# TASK DATA
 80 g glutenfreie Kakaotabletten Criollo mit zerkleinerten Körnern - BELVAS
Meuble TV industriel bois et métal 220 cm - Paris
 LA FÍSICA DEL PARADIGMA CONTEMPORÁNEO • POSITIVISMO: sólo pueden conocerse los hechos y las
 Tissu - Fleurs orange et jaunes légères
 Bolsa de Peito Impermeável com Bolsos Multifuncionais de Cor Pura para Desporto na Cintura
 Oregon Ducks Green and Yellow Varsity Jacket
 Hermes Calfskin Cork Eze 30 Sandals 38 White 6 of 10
...
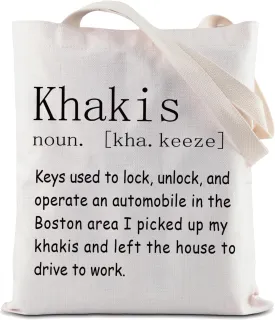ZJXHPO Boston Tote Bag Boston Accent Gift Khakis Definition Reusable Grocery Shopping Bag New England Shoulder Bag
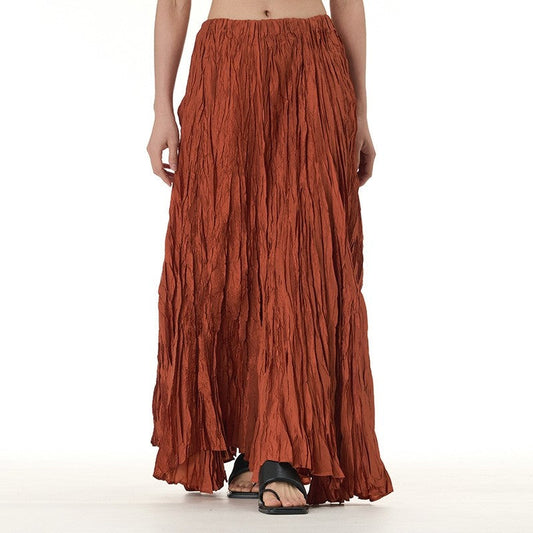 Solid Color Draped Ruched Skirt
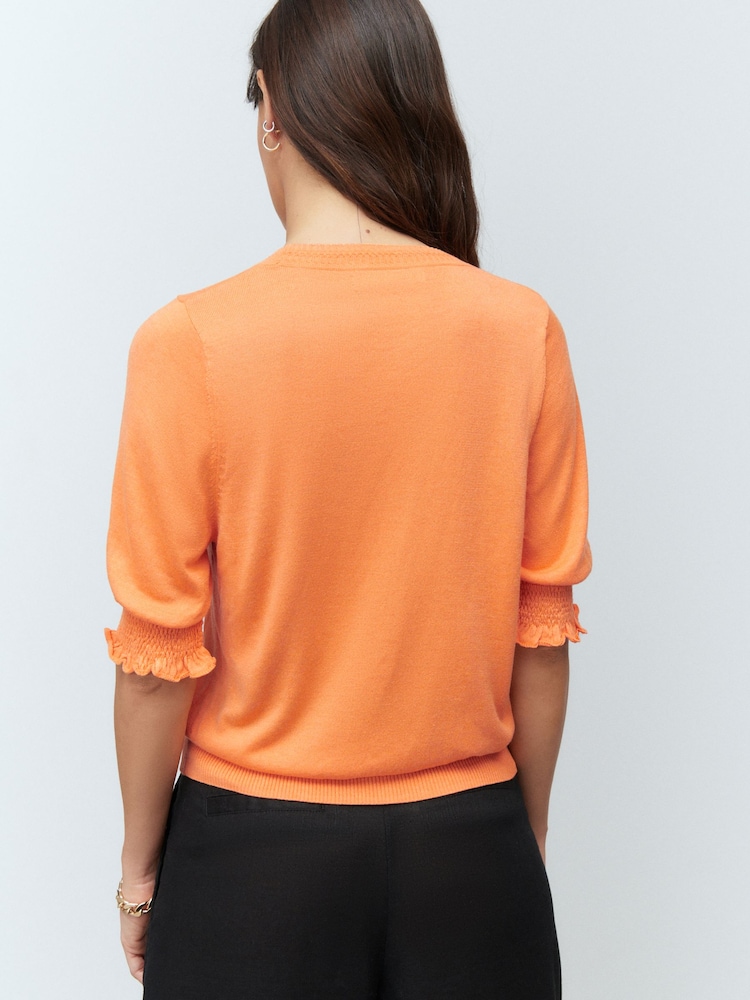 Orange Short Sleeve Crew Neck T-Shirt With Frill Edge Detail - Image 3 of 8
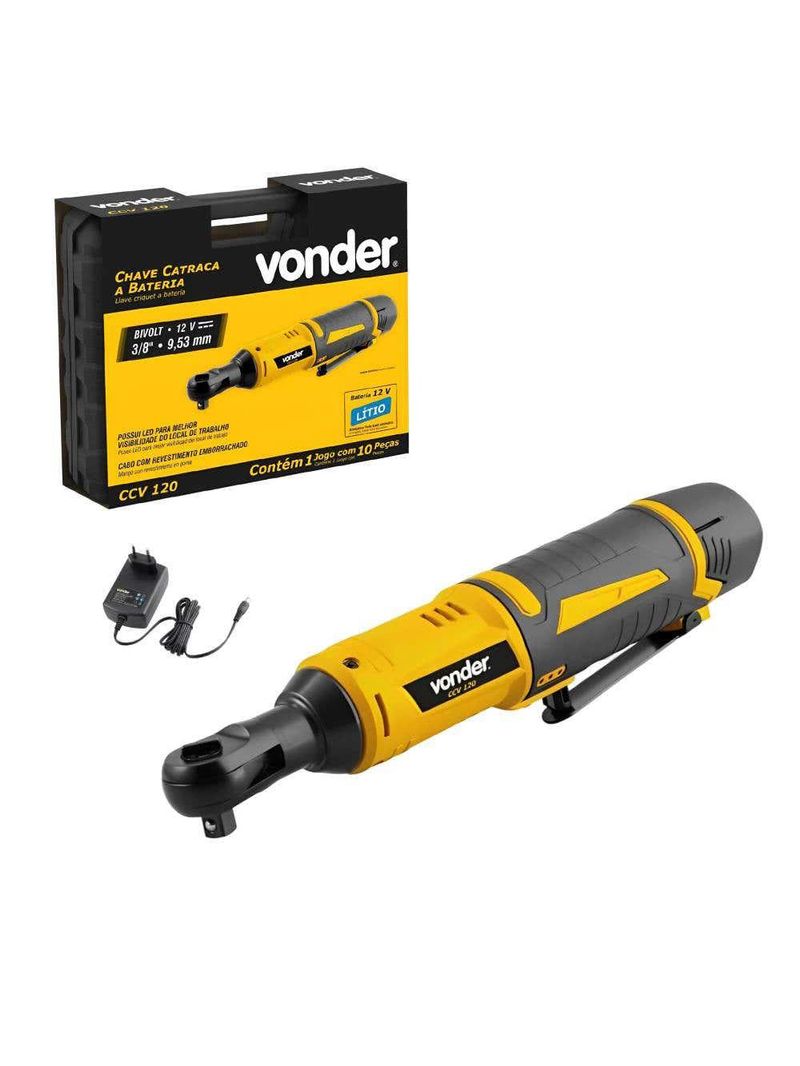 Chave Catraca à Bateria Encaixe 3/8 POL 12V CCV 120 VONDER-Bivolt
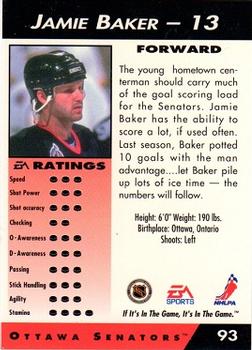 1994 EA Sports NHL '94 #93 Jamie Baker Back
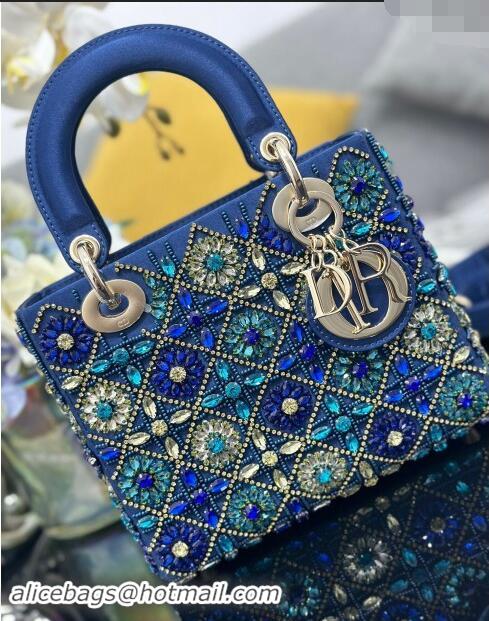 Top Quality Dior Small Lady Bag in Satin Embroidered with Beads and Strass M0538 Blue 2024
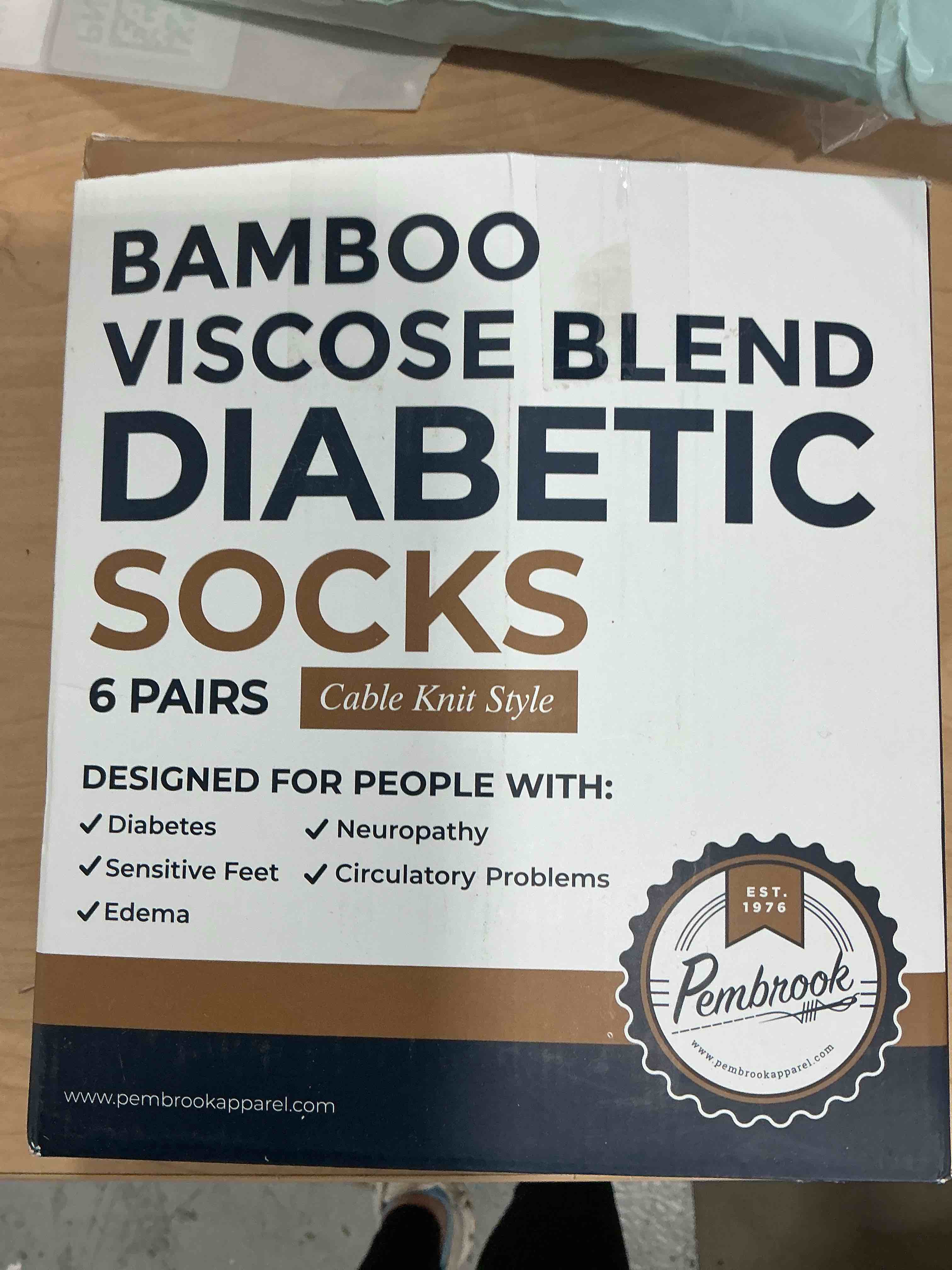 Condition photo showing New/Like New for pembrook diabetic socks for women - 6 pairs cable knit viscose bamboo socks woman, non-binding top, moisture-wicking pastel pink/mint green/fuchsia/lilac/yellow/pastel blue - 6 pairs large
==
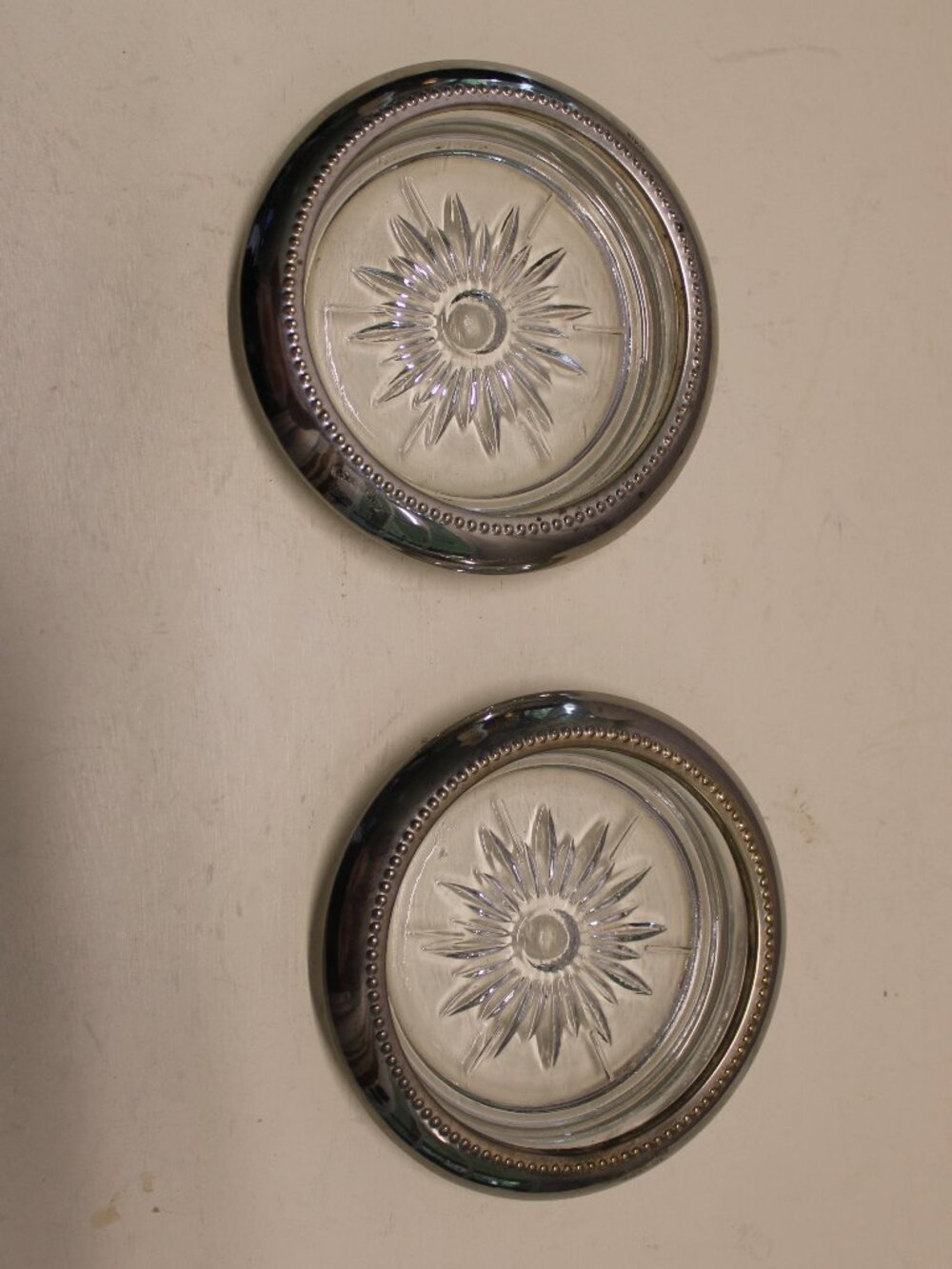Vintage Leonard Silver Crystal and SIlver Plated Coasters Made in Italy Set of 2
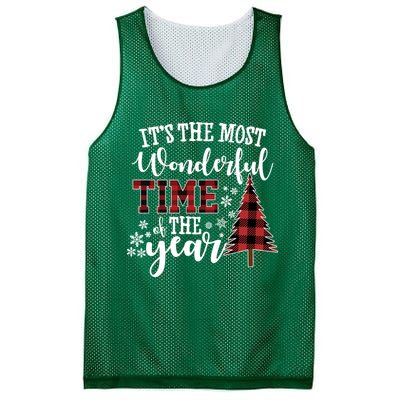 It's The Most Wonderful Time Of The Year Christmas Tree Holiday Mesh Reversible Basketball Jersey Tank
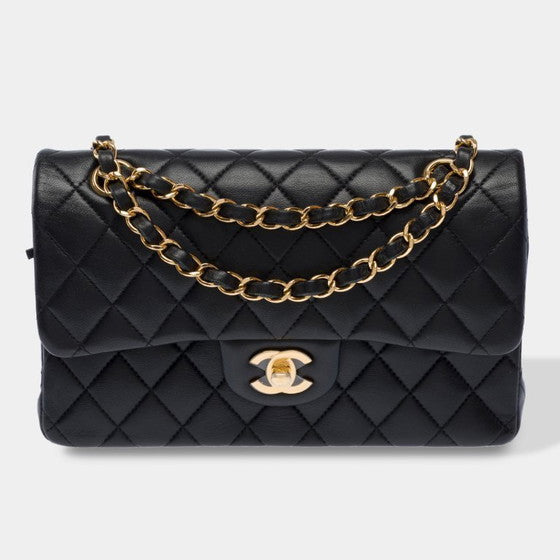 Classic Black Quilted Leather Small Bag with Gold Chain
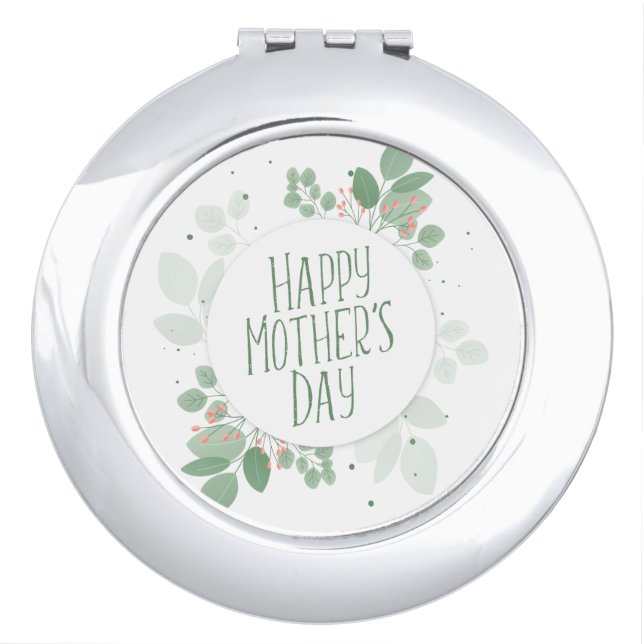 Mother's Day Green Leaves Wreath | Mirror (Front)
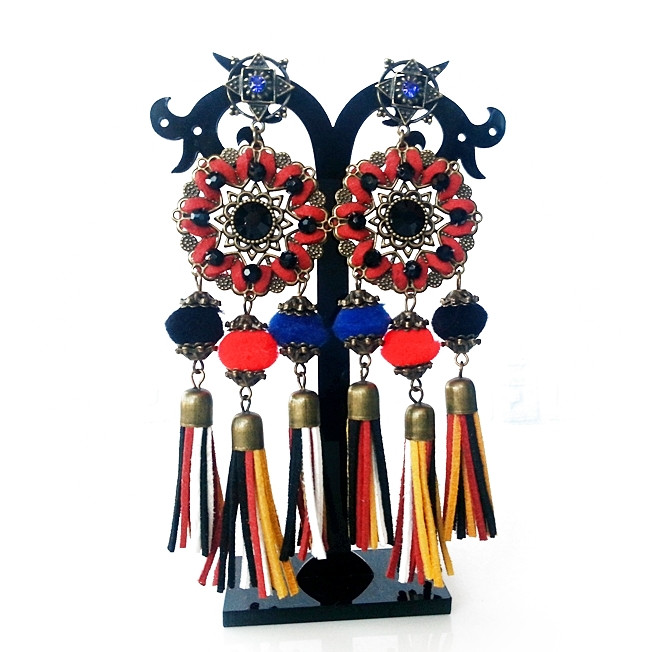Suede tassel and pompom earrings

# BRIEF
In the listing above, find the line with "LA FÍSICA DEL" and the line with "Hermes Calfskin Cork". Output those two lines and every line between them, exactly as written.

# REPLY TO THE TASK
 LA FÍSICA DEL PARADIGMA CONTEMPORÁNEO • POSITIVISMO: sólo pueden conocerse los hechos y las
 Tissu - Fleurs orange et jaunes légères
 Bolsa de Peito Impermeável com Bolsos Multifuncionais de Cor Pura para Desporto na Cintura
 Oregon Ducks Green and Yellow Varsity Jacket
 Hermes Calfskin Cork Eze 30 Sandals 38 White 6 of 10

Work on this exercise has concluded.